The evaluators are given a briefing to let them know what the Academy Airport layout is and what the students are expected to know, in case you get an evaluator from an airport like ORD that expects you to be flawless with as "slow" a problem as you have there.
At the same time, some instructors are more lenient than others about what can fail you or not. One biggie is whether or not the actions taken by the sim planes would happen in real life or not. For instance, at the end of my local PV, I had DAL802* holding short of 28R with ASA731* rolling out on 28R after having just landed. I was about to give the relief briefing when I keyed up and said, "Delta 733, turn right at [taxiway] Echo; contact ground when off." Alaska had already turned off, and then the Delta jet pulled out on the runway and started his slow taxi toward taxiway Echo to turn off, as instructed. During the briefing, I told the instructor everything as I knew it to be. The instructor then asked me what the Delta jet was doing, which is when I first noticed him moving onto the runway.
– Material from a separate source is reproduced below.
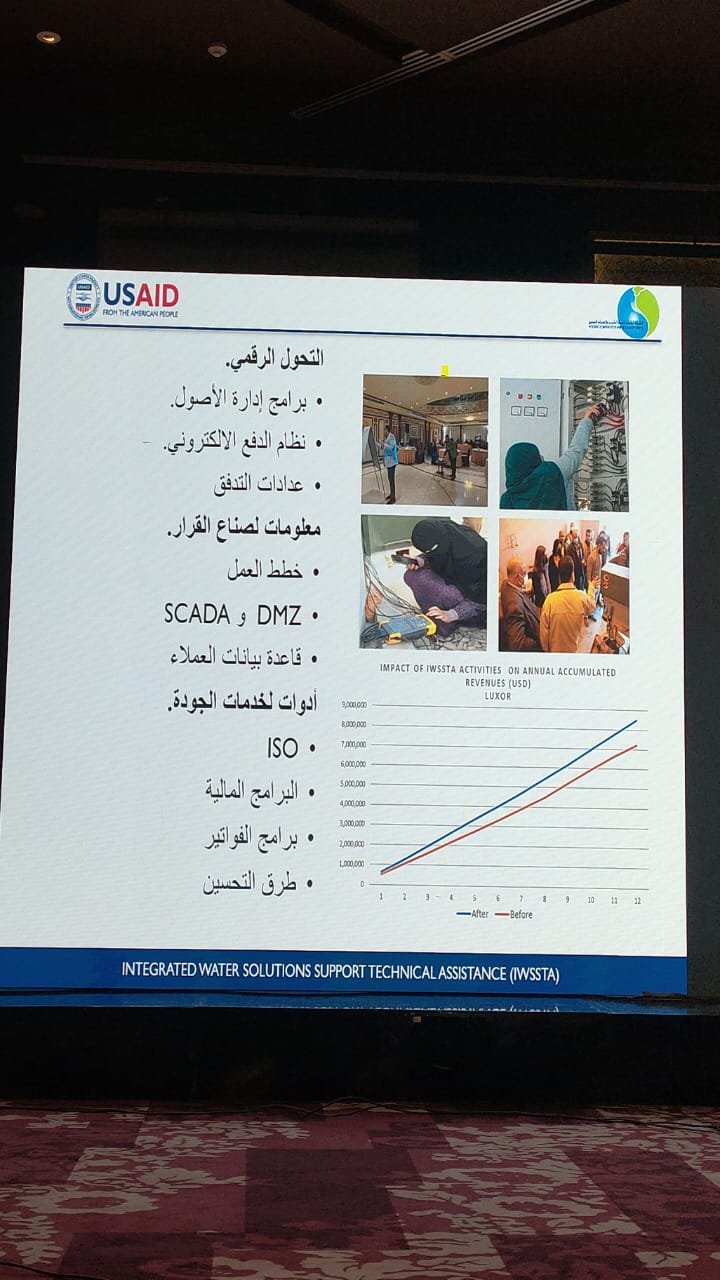شركات مياه الشرب تعلن إنجازات مشروعات الوكالة الأمريكية للتنمية الدولية بقطاع المياة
The instructor laughed and said he wouldn't fail me on that because the jet wouldn't have done that in the real world anyway.
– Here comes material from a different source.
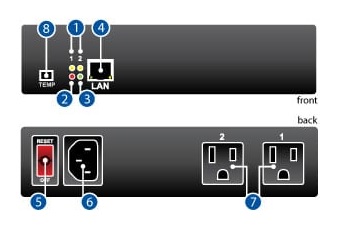 Front Panel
On the ground PV, I had a Southwest jet and United heavy coming out of the terminal taxiing to 28R while Air France was taxiing back to the terminal via B-C-I. When Air France got close to the terminal, I held the position on SWA416 and UAL492(H) to give Air France a chance to pass, which the instructor liked. The problem came when I told the two jets to continue taxiing -- but in Academy land, you are supposed to tell them where to taxi so they respond. With just enough time for responses from the two pilots, I said, "SWA416, continue taxiing to runway 28R." He responded. Then, "United 492 Heavy, continue taxiing to runway 28L." I have no idea why I said "left", but by God, he read that back and did just that. As soon as a Citation was put in position on 28R, the big ass United jet went right behind the Citation and chugged right over to 28L. My local controller looked at me like "WTF?! Why did you just taxi him over to 28L??" while I looked at him like "WTF? Why did you send the heavy jet to the left runway??" The instructor told me that in real life, the pilot would have asked for clarification instead of just moving right on over, especially since I didn't give him runway crossing instructions.
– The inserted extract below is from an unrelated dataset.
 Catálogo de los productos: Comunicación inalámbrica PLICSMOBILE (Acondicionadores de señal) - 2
These are the only things the instructors said I did wrong. We had a few people that couldn't even get out a single departure and had six jets stacked up at 28R ready for takeoff, along with three on 28L and three on 16. They got so worked up with the pattern trying to keep it straight that they didn't even launch anyone else. THAT kind of stuff will put you in the student services office getting your termination paperwork processed.
There are quirks in the simulator system that can cause problems if you say the wrong thing because it can't discern between what is legal to do and what isn't. It processes what you tell it to do, and it does it. Your instructor is your last line of defense, and you do have a little bit of a chance to explain yourself if you do something like what I did.
*I don't remember the specific callsigns, so those are guesses used for retelling the story.